しかし、本当に必要な企業に対してだけ助成し、ゾンビ企業を排除するために当該企業の状況を厳密に調査、審査して意思決定するには、多くの工数と期間がかかる。多少の厳密さを犠牲にしても迅速に支援すべきだと国会で批判するけれども、そうすれば悪意の企業が混入することは避けられない。迅速性と厳密性のどこかで、妥協するというのがまさに実務である。まさにガンの部位を正確に探し当てて、抗がん剤を投与するようなわけにはいかない。

もちろんデジタル化による解決策はある。会社からの申請書によるのではなく、企業の基本的データ、企業業績、財務状況、企業の行動データをリアルタイムに把握し、AIのアルゴリスムを駆使して分析すれば、本当に必要な企業を抽出することは決して困難ではない。さらに、一括でく、少額を迅速に補助し、その成果をデータで収集し、追加補助をするというプロセスを経ることで、より効果が上がる企業へ集中的な補助を可能にする。これはまさしくシステム開発におけるアジャイル手法でのイテレーション、すなわち短期間で反復を繰り返しながら、効果的な財政的支援を可能にする。高速でPDCAを回すことである。そのような提起なしに、ゾンビ企業排除を叫ぶのは、実効性に乏しい。

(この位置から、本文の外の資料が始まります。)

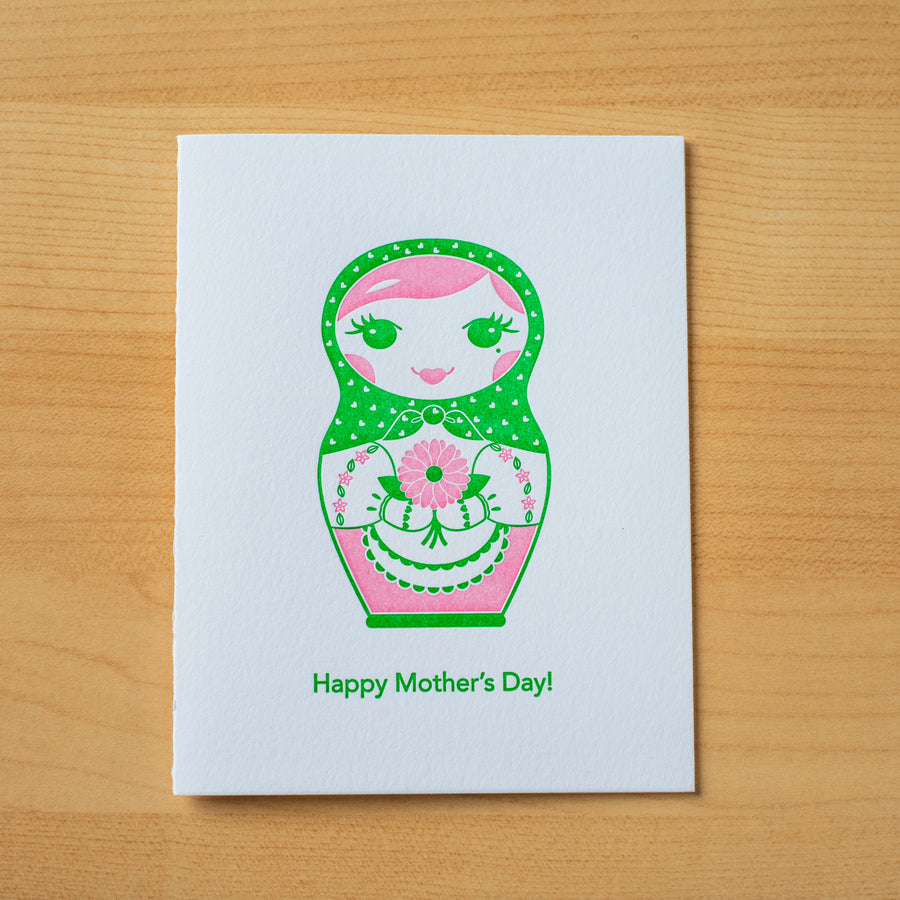 Letterpress Mother’s Day greeting card of a nesting doll holding a bouquet of flowers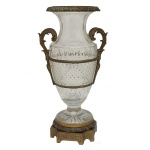 Vaso de formato balaústre em cristal transparente, lapidado e ornado por faixas geométricas centralizando larga barra em bico de jaca. Gargalo facetado em corneta e base circular. Montagem em bronze com bordas e frisos laterais sustentando alças rematadas por volutas, e peanha quadrangular com quinas recortadas. Séc. XIX. 57 x 30 cm.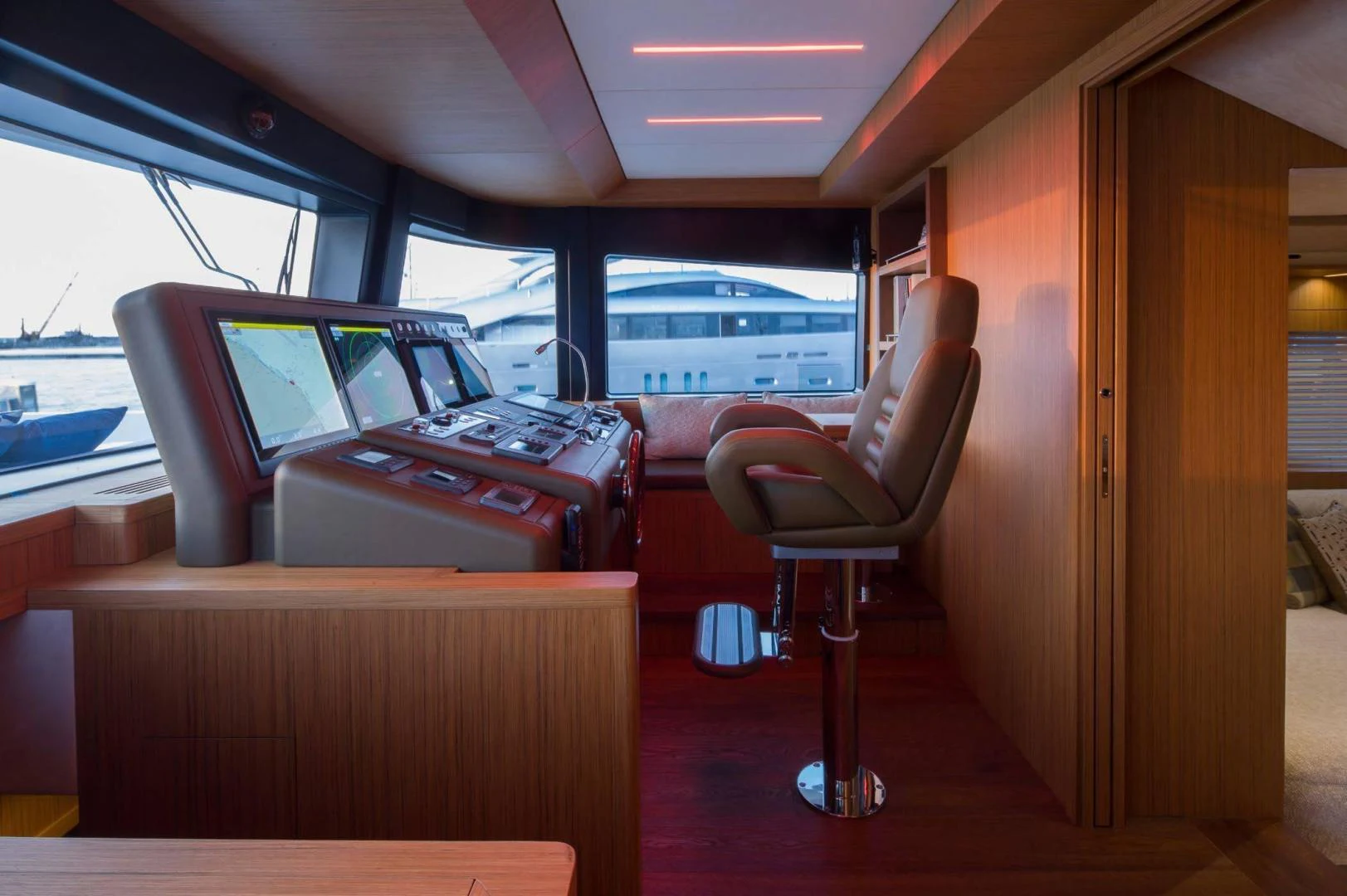 a red chair next to a desk aboard YES Yacht for Sale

 アトキンソン氏は、中小企業の生産性の低いのは、規模が小さいからであり、そのために、人材不足、財源不足、とりわけ合理化のためのIT投資への余力がないので生産性向上に取り組めないと述べる。したがって、まず規模を拡大して、余力を創出すべきで、それが困難な小規模企業には退出を求めるべきで、退出した労働力を中規模企業に振り向けることで、労働流動性が生まれると考える。そうすれば最低賃金をアップでき、それを支払えない企業は退出せざるを得ないと述べる。この処方箋に、ほとんどの中小企業関係者は反論するに違いない。

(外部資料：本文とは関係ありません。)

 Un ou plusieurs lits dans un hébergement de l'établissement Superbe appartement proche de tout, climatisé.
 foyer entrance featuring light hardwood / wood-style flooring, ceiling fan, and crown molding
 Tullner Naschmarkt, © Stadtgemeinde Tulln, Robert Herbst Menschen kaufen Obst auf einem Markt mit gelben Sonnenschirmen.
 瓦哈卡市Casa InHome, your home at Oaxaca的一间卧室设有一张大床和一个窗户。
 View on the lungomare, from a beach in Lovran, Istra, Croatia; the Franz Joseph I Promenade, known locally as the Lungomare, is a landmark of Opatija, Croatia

1に、中小企業の生産性が低いとしても、その原因が規模の小ささにあるとは言えない。小さくとも高い利益率を確保している企業は少なくない。規模ではなくビジネスモデル、経営モデルの問題と考えるのが妥当だからである。いうまでもなく企業の99.7%は中小企業であり、75%の勤労者は中小企業に勤務し、GDPの約半分は中小企業であるという状況は、中小企業だけの経営の問題というよりも日本の産業構造の問題を示している。大企業は経営努力のみによって生産性が高いのではなく、中小企業の努力によって、さらに言えば、中小企業が非効率性を甘受しているからこそ、達成できている面が少なくない。

例えば、大企業の債務支払いが、手形など世界にもまれな制度によって、60日あるいは90日、さらに120日の長期にわたっていることは周知の事実である。インボイスによる即日支払いが世界の潮流であり、これを実施してこなかった日本の商習慣が中小企業の生産性を低下させている。むしろこの点をアトキンソン氏は忘れている。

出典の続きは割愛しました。